Bugsy in front of the cliffs at Lost Dutchman
setting out on Treasure Loop

This was a pleasant, easy 2.5-mile loop up to the base of the cliffs. There’s a bit of elevation gain, but nothing too strenuous.

Quail Loop

saguaro along the trail at Lost Dutchman
among the saguaros on Quail Loop

Quail Loop was the easiest hike we did in the park: about two miles long, and mostly flat. It’s a pretty hike with lots of birds to entertain you, but the occasional mountain bike zooming up behind you may disrupt your reverie.

Civilization

Apache Junction is a mid-sized Phoenix suburb just a few miles away from Lost Dutchman, with just about any store you could need for supplies. We restocked at Fry’s, a huuuuuge grocery store, and then had a really delicious lunch at Saigon Noms, a Vietnamese street food restaurant.

If you need a quick bite close to home, Hitching Post Saloon serves pizza and chicken and occasional live music. We didn’t try it but it was recommended. And if the kids get bored with nature, there’s a weird tourist trap just down street from Lost Dutchman that might be entertaining, Goldfield Ghost Town.

To do

hiking down from Praying Hands

We got views deeper into the rugged and beautiful Superstition Mountains from the top of Flatiron and from Praying Hands, and we’re keen to explore farther into the range, outside of Lost Dutchman. Someday we’ll check out some of the other trails in the area.

Anything else we should do around Phoenix? Until now we’ve avoided it since it’s a sprawling megapolis, but maybe there are more gems like Lost Dutchman scattered about!

5 Replies to “Two nights at Lost Dutchman State Park, AZ

  1. We had someone recommend Carlsbad Tavern for New Mexican food, so we’ll be checking that out when we head back there next week. Apparently they have great prickly pear margaritas too; Shae had one for the first time at La Posta de Mesilla, so it’ll be interesting to see how they compare.
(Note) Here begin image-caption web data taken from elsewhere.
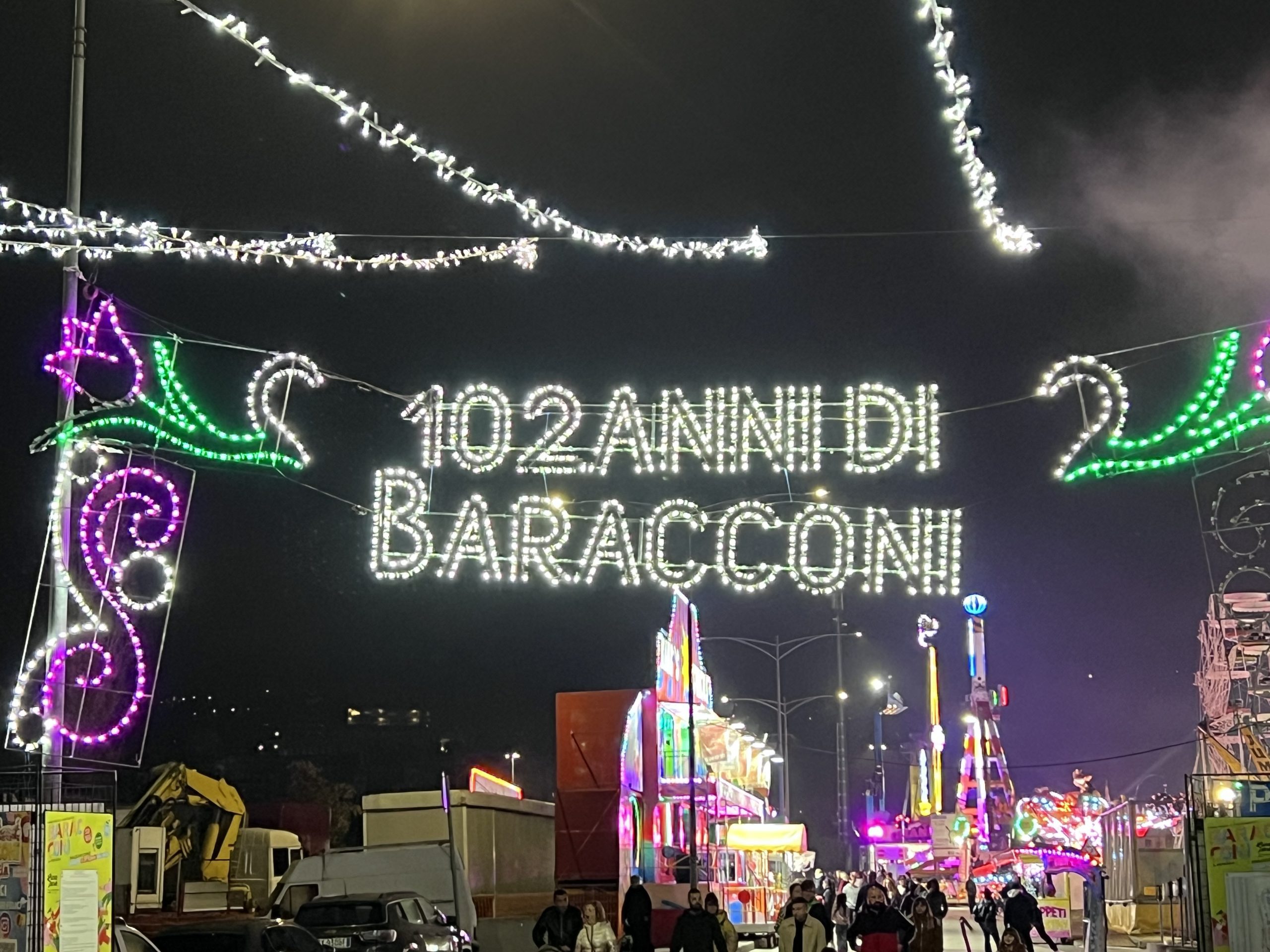 Successo ai Baracconi a Perugia per la festa di Halloween (foto) 27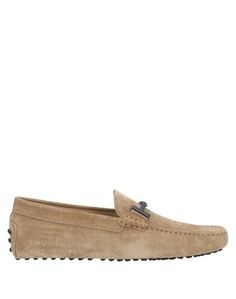 Мокасины Tod’S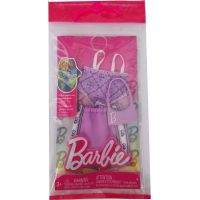 Mattel Barbie Oblečok v praktickom balení HRH37 2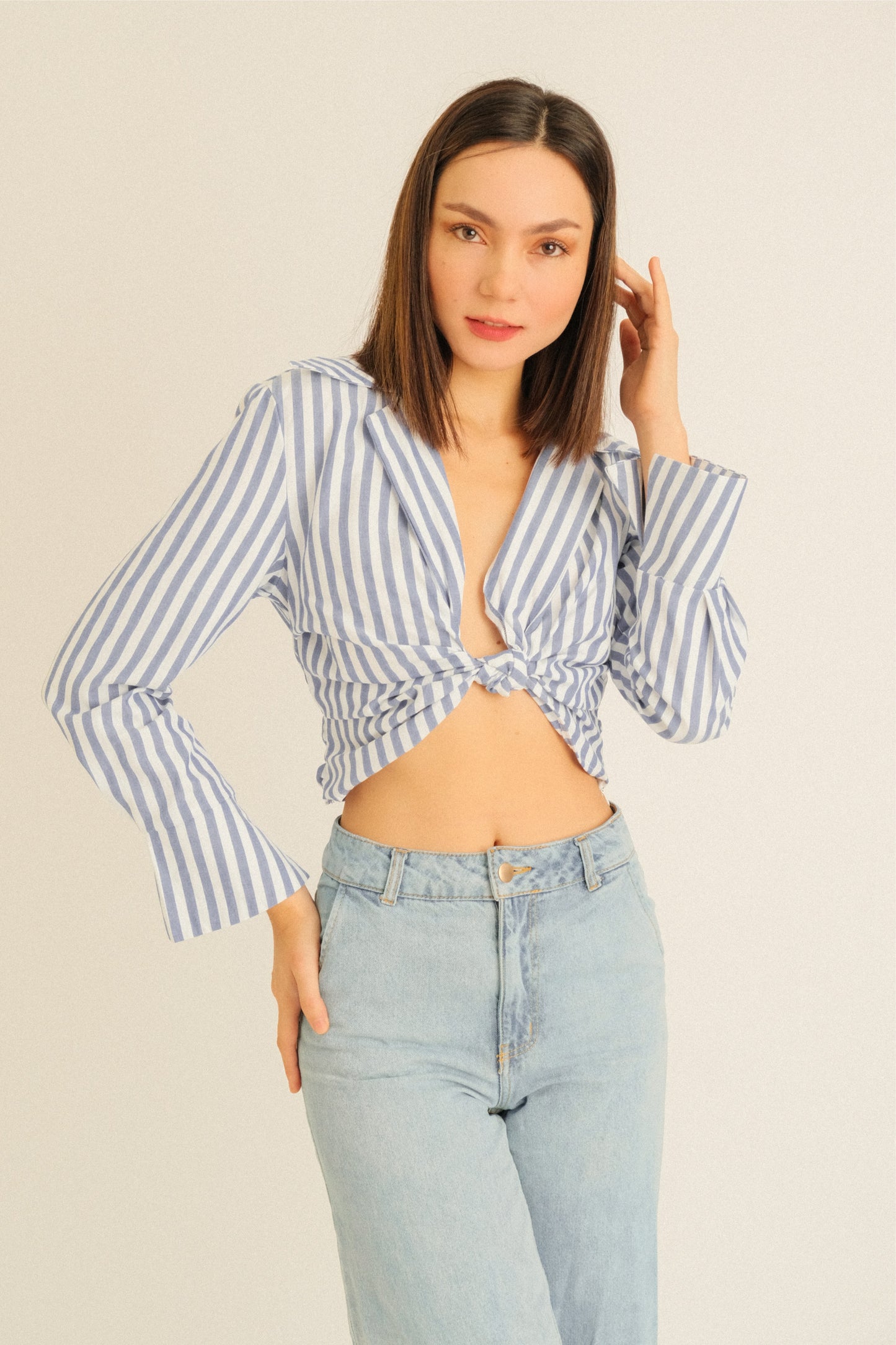 SAMSON TOP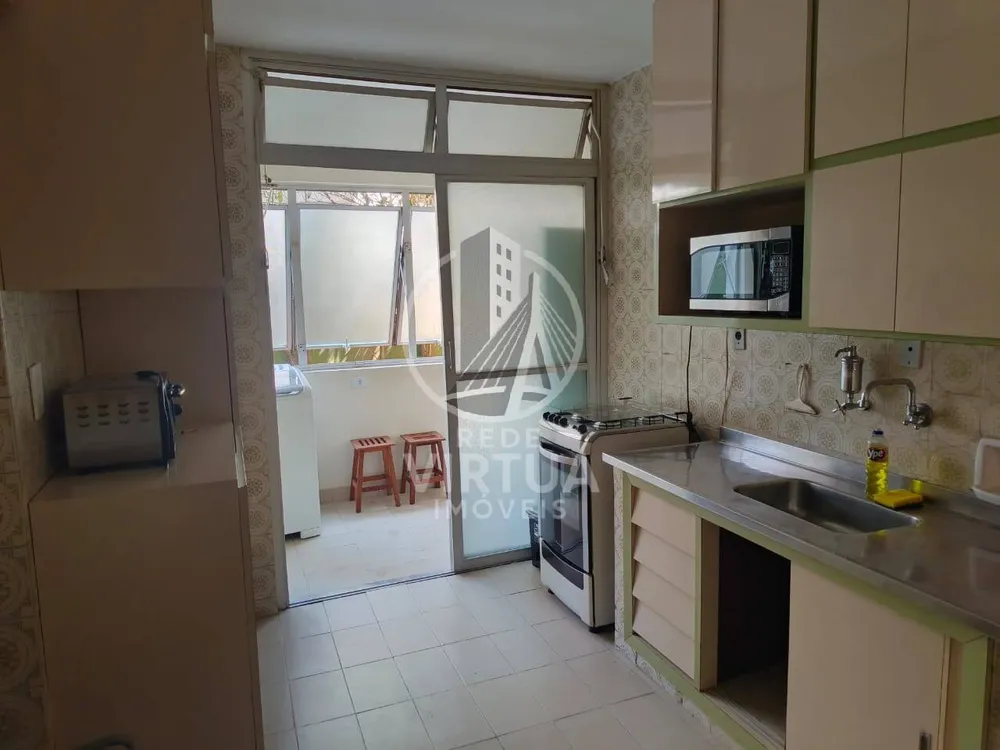 Apartamento, 3 quartos, 110 m² - Foto 7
    Dobbin’s Lookout at South Mountain Park & Preserve gives some nice views of the area. You can drive all the way up, but you’d probably want to leave behind the Airstream as the road is winding and there’s limited parking up there. There are also lots of trails there too which looked like they’d be nice, but the heat would’ve been too much for me when we were there recently.